Thus pre-planned design processes are not simply about quality. In fact they are about trying to cope with inflexible delivery media, and they do so at the price of being slow to change: thus their content is more out of date, they take years to respond to learner feedback, and they are not well suited for teaching innovation of any kind. The recent quiet revolution in printing means that a book can now be manufactured (printed and bound) within a (very) few weeks of content being finalised, and for web documents the production and distribution time is zero: authoring is the only time delay. Thus there is an important choice to make in creating teaching materials today, particularly for small learner numbers or for advanced subjects where being up to date is important. Long pre-planning processes and slow quality control may not be appropriate, nor in fact lead to greater quality since they must be traded off against the time cost. It may be better to develop processes that concentrate on fast authoring and rapid update. Such processes might involve delivering a unit to a succession of fairly small groups of students, with immediate revision of material after or even during each delivery, with the author devoting a lot of time to delivery (including monitoring and feedback) in early deliveries but tapering off.

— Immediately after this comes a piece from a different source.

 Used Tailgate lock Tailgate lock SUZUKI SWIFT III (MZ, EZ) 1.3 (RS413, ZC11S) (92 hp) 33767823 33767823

Quality control could and should be done differently for fast and slow media. With slow media, QA can sensibly focus on the product. With fast media it may be more appropriate to focus on the process, since the material products should change rapidly.

This approach would be easier with collaborative teaching, where many authors were involved, each concentrating on a relatively small amount of material.

Thus a suitable general strategy for the Public Health area might be to focus above all on the quality of the subject matter delivered, with constant iteration of the materials (or at least of those parts delivered by text), and at higher levels by the constant update and change in the selection of elements included. In the long term this may put such a consortium in a dominating position; but not because of having a master plan that eventually produced a single great product whose pre-eminence then steadily decayed, but more by having a process that at any time offers current high quality backed by a collective expertise that is unbeatable in aggregate.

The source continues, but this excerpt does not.